- _PROBLEM STATEMENT_: Make an exact copy, from the records below, of the lines from the line containing "射脈菌屬藏品圖，第1張" to the line containing "What is the", both lines included, excluding pictures.

- _SOURCE DATA_:
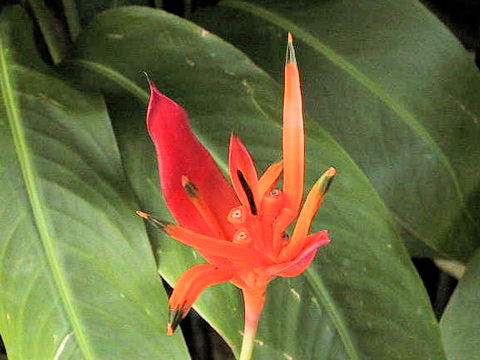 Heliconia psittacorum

...

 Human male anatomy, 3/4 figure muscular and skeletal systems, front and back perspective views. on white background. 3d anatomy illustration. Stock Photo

* * *

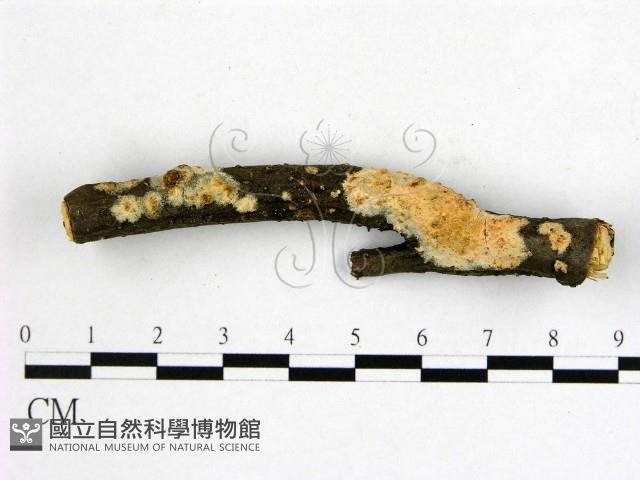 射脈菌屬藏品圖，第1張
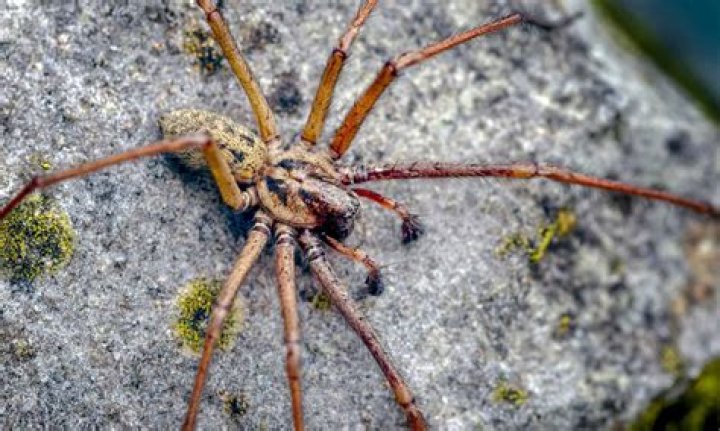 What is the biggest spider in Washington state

- _SOLUTION_:
 射脈菌屬藏品圖，第1張
 What is the biggest spider in Washington state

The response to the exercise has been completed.